BTW, as a teacher myself (though of a different discipline, though it is related to what you're trying to tutor), I find that what, where, and how questions are good (What do you start this sentence with? How does this word fit into this sentence? Where does this word go?) but why questions (Why does this word go here? Why is the sentence constructed in this way? Why does the sentence start this way?) are better.
Teach principles and rules, rather than specifics. Use specifics to practise. For example, with the packing question, he's trying to teach one word with a system that involves present continous, question forms and first person verbal formation. If his student knew all that, she could properly use pack and other verbs as she learns them.
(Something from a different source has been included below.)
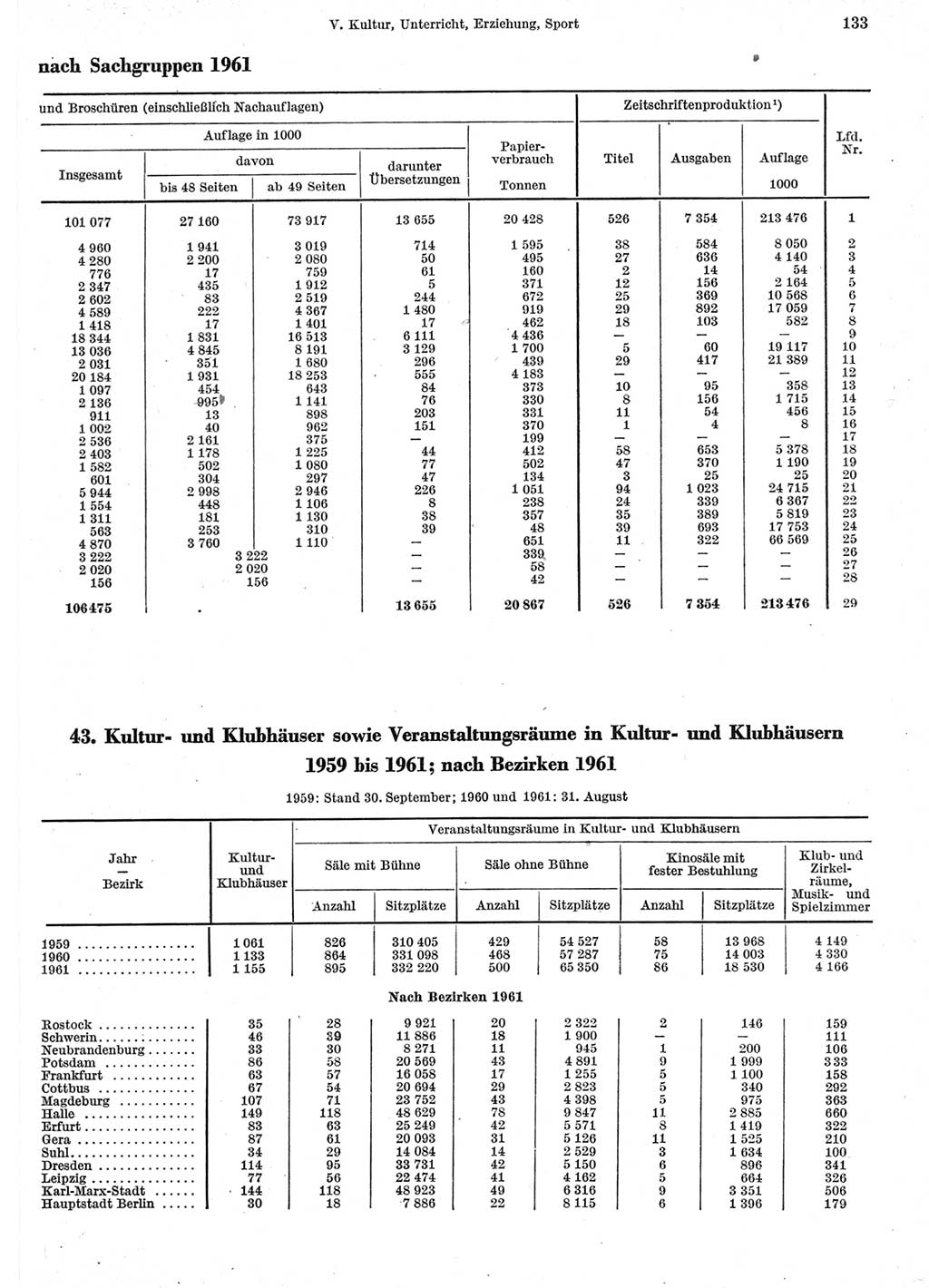 Statistisches Jahrbuch der Deutschen Demokratischen Republik (DDR) 1962, Seite 133 (Stat. Jb. DDR 1962, S. 133)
Also, he doesn't give any indication as to why you form the question as we do. What are you doing? Why start with what, why invert the subject with the auxiliary? Do other auxiliaries work the same way?
Mon frere is an English teacher. I showed him this page. He says it's a little too "teacher centred and rote" for his liking. Have you had a go at student-centred learning to see how that works for you both?
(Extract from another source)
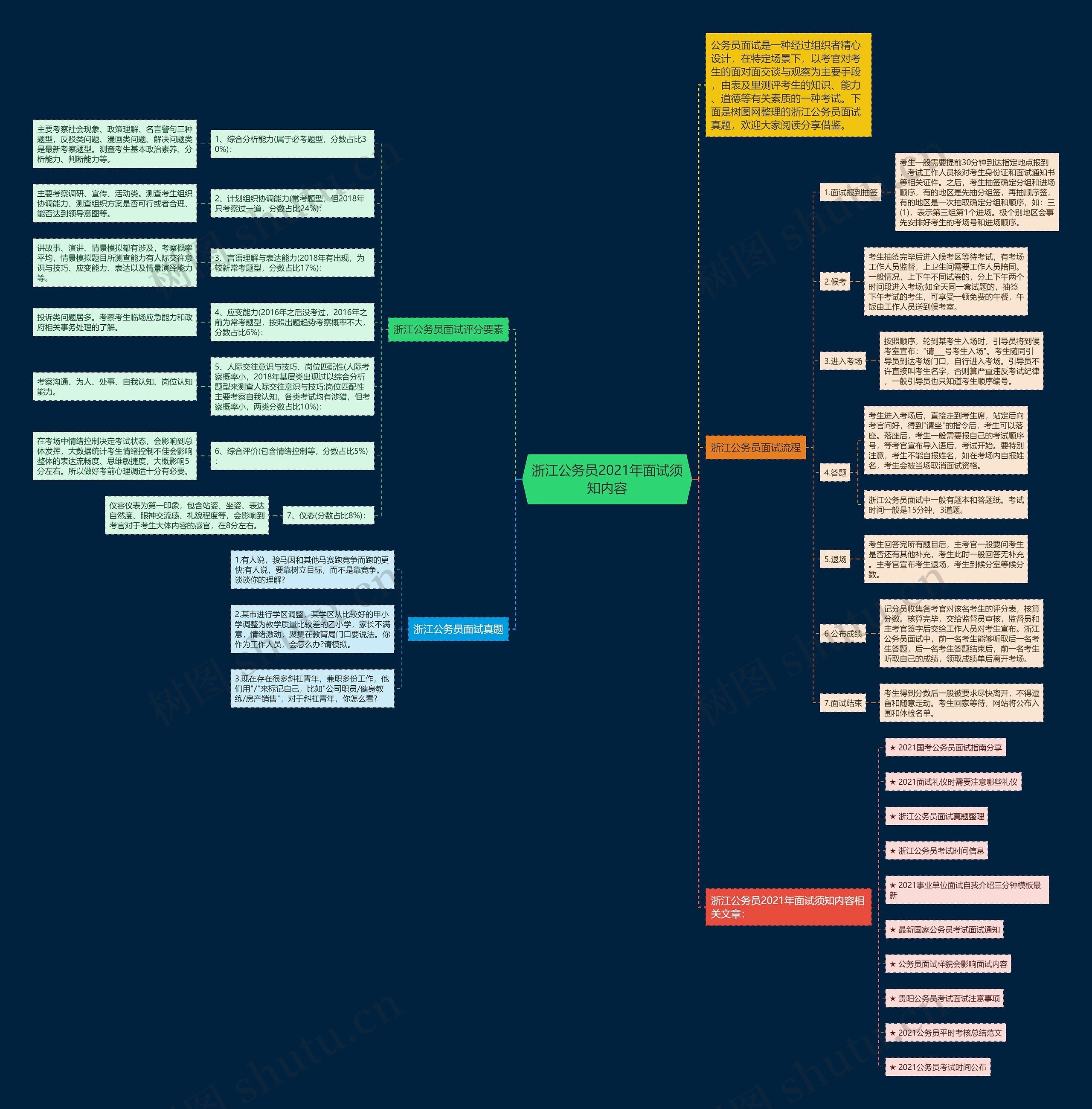 浙江公务员2021年面试须知内容思维导图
There are lots of ways to make English interesting. Many of them involve physical activity, so you're playing a fun, physical game while learning. Over the internet, this is more difficult than when you're in a classroom, but use your imagination, and it can be done. The teacher's personality helps massively, too.
Speaking of poetry, I listened to an opera yesterday of "A Midsummer Nights' Dream."" It was spectacular. I followed it against Shakespeare's text; a number of liberties were taken, including omissions and rearrangements, proving that art, even something seemingly as set in stone as Shakespeare, is malleable and re-interpretable. But boy, Shakespeare was good!
An excellent example of the above is Akira Kurosawa's Throne of Blood. If you haven't seen it yet, you should; it's a fantastic adaptation of Macbeth.